Ci può raccontare qualcosa di Vladek, che è un personaggio piuttosto contraddittorio, in bilico tra presente e passato...
Non si può uscire dalla Shoah. Si può tentare di costruirci un rapporto creativo, per usare una brutta parola, un rapporto di distanza, ma non se ne può uscire. Come può Vladek non vivere nel passato? Come può col proprio figlio non arrivare al punto della resa dei conti? La vita continua… Forse un figlio il cui padre non parlasse mai dell’evento, che stesse zitto, potrebbe dire: perché hai continuato a vivere? Sarebbe un atto di crudeltà verso se stessi rimuovere quell’esperienza.

No. Non si può dimenticare, per nessuna ragione. Mai.

Certo non si deve cadere nel monumentalismo, nella celebrazione. Bisogna che quella memoria diventi viva, pulsante, che venga trasmessa. Talora persino ricevere quella memoria è doloroso.

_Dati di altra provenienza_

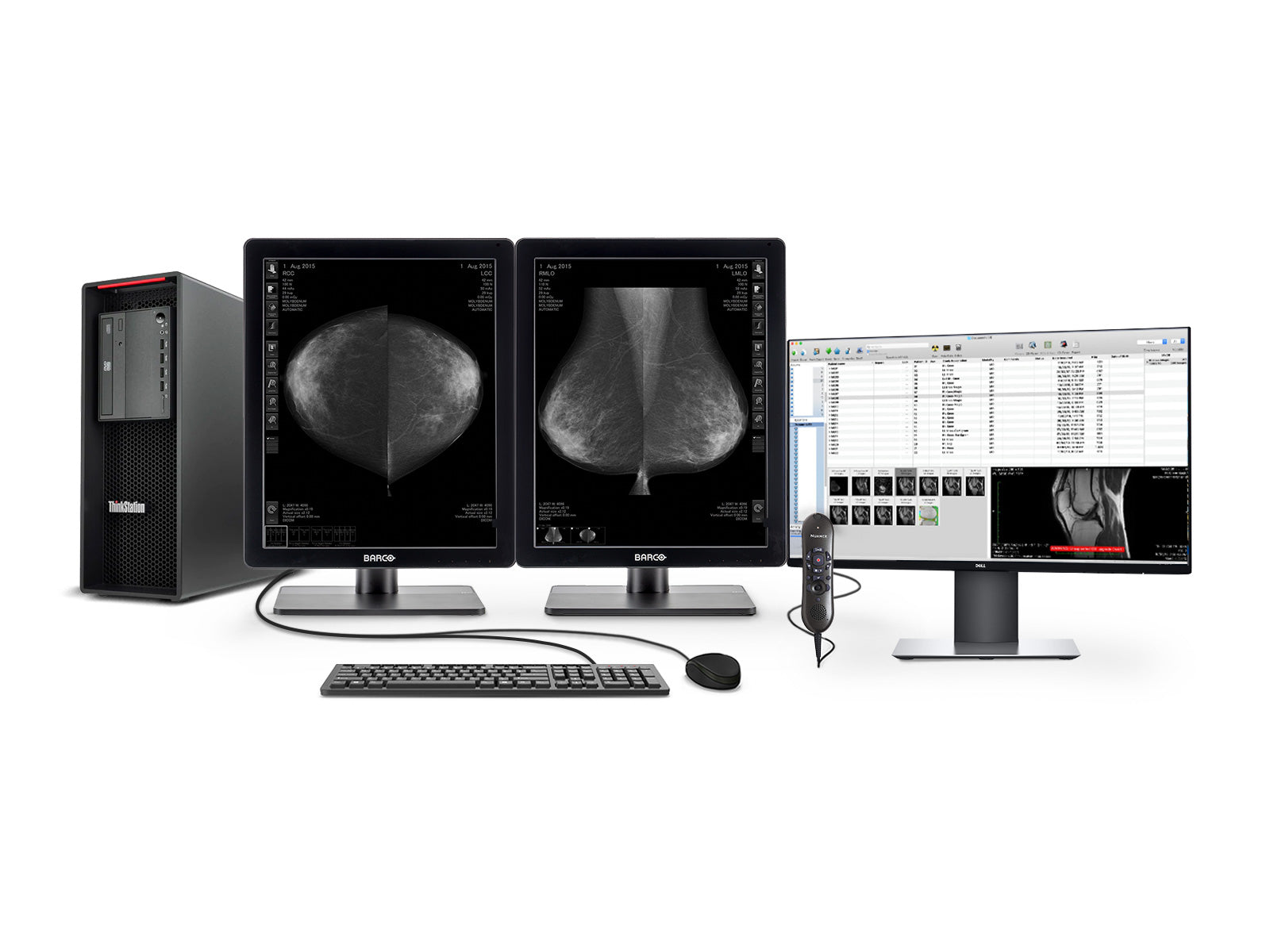 Complete Mammography Reading Station | Barco 5MP Grayscale LED Monitor | Lenovo Workstation | Dictation Mic | Worklist Monitor (5221Z4R)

Maus sembrerebbe risolversi in un’operazione catartica, sia per Vladek che per Art Spiegelman...
Lo scopo di Maus è quello di far capire che la memoria è l’unico strumento che si ha per non essere sconfitti dal Nazismo. Se questa memoria si trasmette, diventa uno strumento per costruire un’altra storia, un’altra umanità. Il solo modo per non farli vincere è costruire un’altra umanità. Io non mi faccio incantare dalle “coccole” che fanno oggi agli ebrei: voglio vedere come trattano gli zingari, i curdi, i mussulmani, gli africani. È da lì che capisco se la relazione con gli ebrei non è che un’ipocrita forma di riabilitazione tardiva e postuma di un Occidente che ha fatto bancarotta fraudolenta. O se invece è l’Occidente che riflette sui propri errori e vuole cambiare la propria storia, attraverso il rispetto dell’altro, la giustizia sociale, il rifiuto di ogni tipo di guerra.

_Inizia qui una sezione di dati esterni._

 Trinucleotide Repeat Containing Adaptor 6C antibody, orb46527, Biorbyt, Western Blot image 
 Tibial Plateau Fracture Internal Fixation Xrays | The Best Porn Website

Il filosofo Hans Jonas ha affermato che dopo la Shoa l'onnipotenza di dio non è più pensabile. In che modo la religiosità, sempre che ci sia, filtra dalle pagine di Maus?
Il problema della fede dopo Auschwitz è un problema assai complesso. Io non sono un credente, ma ritengo che ci siano diverse risposte al silenzio di Dio. Una di quelle che mi ha più colpito è stata questa: “Ma dov’era Dio mentre sterminavano il suo popolo e lo macellavano?” e qualcuno, non ricordo chi, ha risposto: “Dio era lì, si faceva macellare col suo popolo”.

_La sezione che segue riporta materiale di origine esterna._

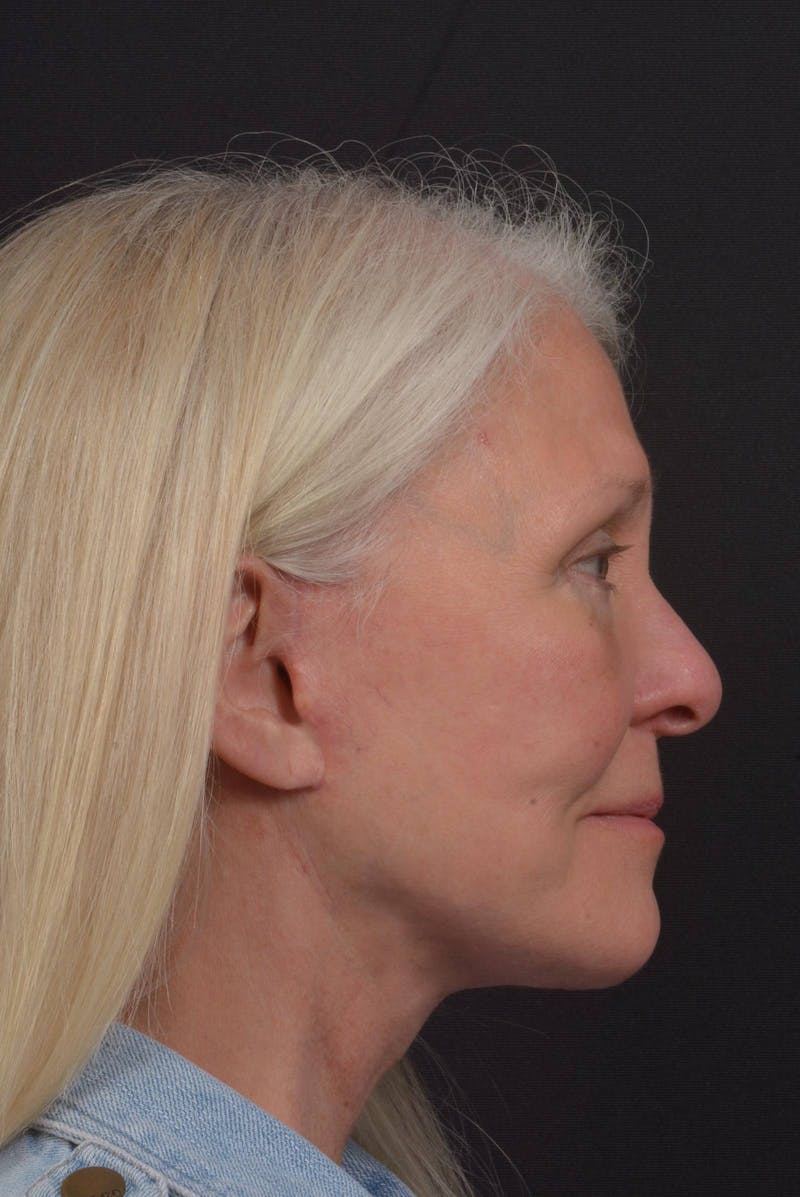 Facelift Before & After Gallery - Patient 217040 - Image 6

Io credo che il problema di Dio, come anche il problema dell’uomo, non sia tanto che l’uomo creda in Dio, ma che l’uomo creda nell’uomo, impresa assai più difficile.

Il rapporto con il divino deve far sì che l’uomo accolga l’altro uomo secondo la modalità del comandamento “ama il prossimo tuo come te stesso”. La relazione con Dio è tutta sulle spalle dell’uomo: Dio si è affidato all’uomo, secondo me.